File photo shows members of the Capital Citizens Committee (CCC) and  Chairman Capital Development Authority (CDA) Imtyaz Inayat Elahi visit ancient Buddhist caves after they noticed suspicious activity during a recent visit to the sites in Shah Allah Ditta suburbs. - Dawn file photo
File photo shows members of the Capital Citizens Committee (CCC) and Chairman Capital Development Authority (CDA) Imtyaz Inayat Elahi visit ancient Buddhist caves after they noticed suspicious activity during a recent visit to the sites in Shah Allah Ditta suburbs. - Dawn file photo

ISLAMABAD, Aug 17: Fearing for the future of architectural remains, the Department of Archaeology and Museums (DOAM) has pointed out that the capital city could gradually lose more than 150 sites of historical significance within the capital territory to new housing societies and roads.

“These sites are vulnerable to destruction. And there have been incidents of illegal digging,” said Ali Awan a senior official of the department referring to Pun Fakiran near the Buddhist Caves in G-13.

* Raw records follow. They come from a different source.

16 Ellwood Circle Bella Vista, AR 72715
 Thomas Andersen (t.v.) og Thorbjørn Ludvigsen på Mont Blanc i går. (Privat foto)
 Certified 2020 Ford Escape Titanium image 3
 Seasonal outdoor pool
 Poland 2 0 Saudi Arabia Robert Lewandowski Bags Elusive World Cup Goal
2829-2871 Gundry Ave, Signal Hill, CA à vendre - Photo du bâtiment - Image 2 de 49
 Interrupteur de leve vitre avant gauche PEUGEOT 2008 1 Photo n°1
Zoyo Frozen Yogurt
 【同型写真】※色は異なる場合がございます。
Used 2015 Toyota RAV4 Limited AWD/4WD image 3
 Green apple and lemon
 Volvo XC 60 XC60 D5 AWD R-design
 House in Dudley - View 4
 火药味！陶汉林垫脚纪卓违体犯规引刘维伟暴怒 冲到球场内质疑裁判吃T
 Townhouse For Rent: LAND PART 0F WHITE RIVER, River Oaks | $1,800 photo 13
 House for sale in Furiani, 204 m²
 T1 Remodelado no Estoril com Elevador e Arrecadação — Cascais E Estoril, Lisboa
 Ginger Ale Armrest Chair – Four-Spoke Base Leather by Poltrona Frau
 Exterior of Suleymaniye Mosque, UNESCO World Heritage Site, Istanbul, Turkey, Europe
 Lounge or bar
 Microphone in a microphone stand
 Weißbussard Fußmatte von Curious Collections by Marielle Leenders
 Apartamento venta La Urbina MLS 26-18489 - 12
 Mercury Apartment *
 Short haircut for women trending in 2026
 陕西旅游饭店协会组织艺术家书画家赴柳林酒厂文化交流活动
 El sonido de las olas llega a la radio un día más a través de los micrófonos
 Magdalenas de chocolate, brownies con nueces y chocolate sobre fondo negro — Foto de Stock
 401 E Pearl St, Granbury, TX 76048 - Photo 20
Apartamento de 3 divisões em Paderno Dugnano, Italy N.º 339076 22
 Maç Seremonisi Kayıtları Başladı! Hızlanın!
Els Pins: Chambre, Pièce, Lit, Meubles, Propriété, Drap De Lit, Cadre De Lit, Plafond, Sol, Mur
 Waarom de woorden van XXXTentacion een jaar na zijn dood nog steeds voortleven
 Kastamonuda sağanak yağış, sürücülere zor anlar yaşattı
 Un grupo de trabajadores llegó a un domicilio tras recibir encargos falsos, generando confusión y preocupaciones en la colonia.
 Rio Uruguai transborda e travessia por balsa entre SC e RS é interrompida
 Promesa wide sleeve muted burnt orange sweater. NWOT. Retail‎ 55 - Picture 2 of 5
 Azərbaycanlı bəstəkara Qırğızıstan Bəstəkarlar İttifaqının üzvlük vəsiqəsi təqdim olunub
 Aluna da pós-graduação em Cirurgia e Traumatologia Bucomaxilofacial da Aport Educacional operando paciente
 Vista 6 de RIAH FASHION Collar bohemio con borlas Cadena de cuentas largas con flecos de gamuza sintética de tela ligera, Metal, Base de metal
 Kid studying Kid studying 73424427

The recent victim of development were the area around the Buddhist Caves in sector G-13 where the civic authority had developed a park and put a boundary around it.

All the sites in Islamabad were unprotected. The only two sites protected under the Antiquities Act 1975 were the 15th century AD Pharwala Fort, situated 30 kilometres from Islamabad and the 16th century AD Rawat Fort.

Both the forts, according to officials in DOAM, were also as vulnerable to destruction and illegal excavations as the other unprotected sites.

The forts were missing conservation and enforcements teams.

However, critical of the urban sprawl, DOAM pointed out that all construction projects big or small by civic authorities and private builders were undertaken in violation of the Antiquities Act.

The Section 22 of the Act said that no development plan or scheme or new construction on, or within a distance of 200 feet of a protected immovable antiquity should be undertaken or executed unless the Director General of Department of Archaeology and Museums grants approval.

“Whenever a development scheme is undertaken at the historical site, the DOAM is not contacted. Worst yet, the department had also not set its foot down to prevent damage to the sites with the exception of one or two incidents,” said the official.

The department asserted that the need for an NOC from DOAM for development projects in Islamabad – with a history that went back five million years – was as important as any other approval.

The Mesolithic rock shelter in sector G-13 on the Kashmir Highway was another example where possibility of discovering stone articles used by cave people two million years ago was lost. The rock shelter was almost destroyed when Pakistan Housing Society levelled the ground all around it to make way for new houses. DOAM interfered and declared some 200 feet area around it as protected.